B&W or Color?

Same product, same price but one is color and the other is B&W - which do you choose?

  • Color

    Votes: 189 87.5%
  • Black and White

    Votes: 27 12.5%

thundershot said:
I prefer color over B&W anyday. Bastion Press' early products are gorgeous, IMO
Funny, BP is one of the companies I was thinking of when I said "I've seen a lot more crappy color art than crappy B/W art".

Different strokes...
 

log in or register to remove this ad

Ashy said:
Please tell me what you think! :D

For a printed book, I prefer full color if same price and quality content. However, I prefer black and White for a PDF, since it must thereafter be printed. So in this case I prefer a printer friendly (not too much dark gray shading that consume ink) B&W version.
 

I think B&W is generally cheaper if you are looking to have something printed. Some artists also work well with pen and ink or pencil sketch. If you're printing your first ever product or pdf, as several people have pointed out, your best bet is B&W, soft cover (or pdf) with a few illustrations on regular paper. It's not flashy, but hopefully the substance will get you noticed.

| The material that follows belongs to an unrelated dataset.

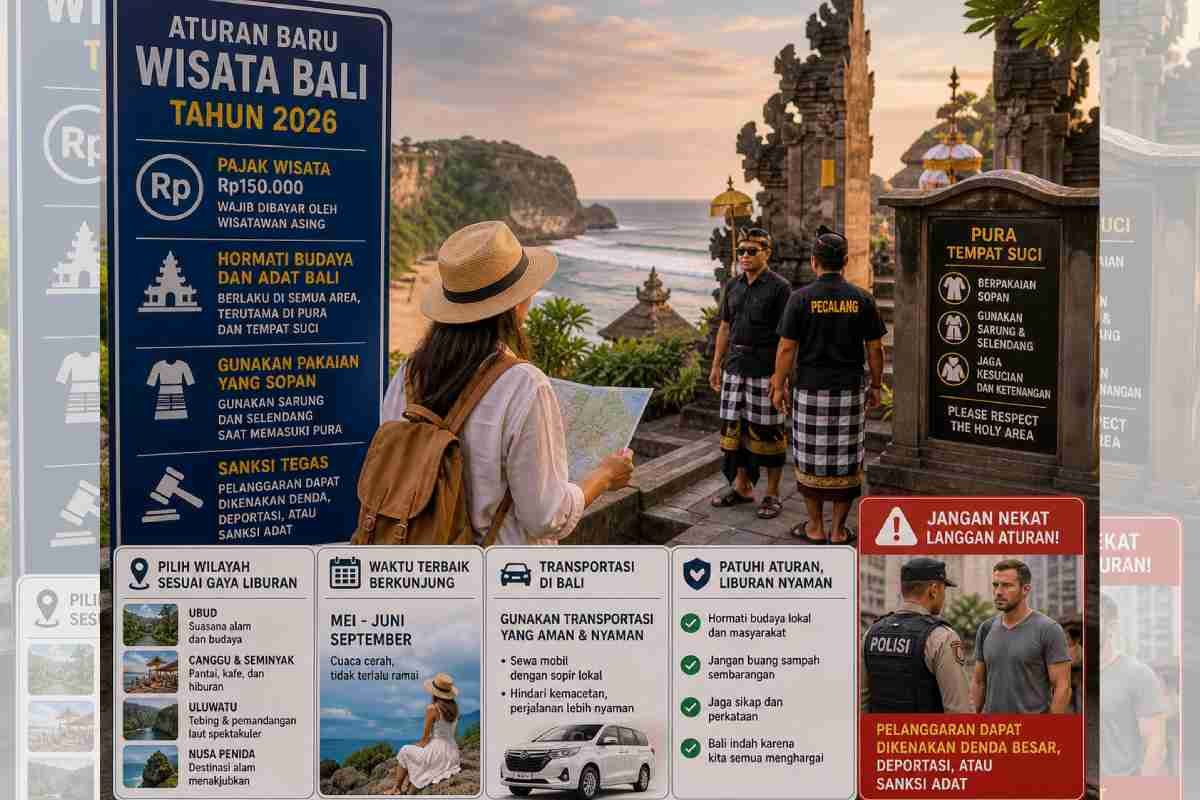 Jangan Nekat ke Bali Sebelum Paham Aturan Baru Tahun 2026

Thinking back to the roots of rpg gaming, you were lucky to get a color cover on the book. Heck, most of my early D&D books disintegrated from heavy use. I still have modules and supplements that have ended up in binders or plastic bags to keep them all together.

Hypocritically speaking, I voted color based on the price and style. Hey, if the B&W was cheaper, I'd do it. If they're the same price, take the color. Either the color was cheaper (doubtful) or the B&W price was artificially inflated.

Just my opinion.
 

Color generally doesn't matter for text. It only matters for artwork & maps & diagrams.

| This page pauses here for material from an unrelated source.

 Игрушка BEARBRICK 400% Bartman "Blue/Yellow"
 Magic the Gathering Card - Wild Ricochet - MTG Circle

Generally, maps & diagrams are more important to me in a roleplaying product than artwork.

Generally, color on maps & diagrams isn't used to make them more readable/usable, although it could be.

So I voted B&W.

The real answer, though, is that color should be used when it serves a purpose. Thus, mostly B&W with color where appropriate.
 

I'd still select a colour version before the black and white, even if it meant paying more - well, $5-7 more. Though I don't purchase products on the basis of the interior and exterior artwork - content is far and away the most important consideration - artwork does help with visualisations, especially monsters. While certain campaigns which I run demand ambiguity to highten tension and fear (Cthulhu and Ravenloft come to mind), in the generic campaigns (standard sword 'n' sorcery stuff) I prefer to be unambiguous unless the plot demands otherwise. Colour artwork, at least for me, offers the best visualisations.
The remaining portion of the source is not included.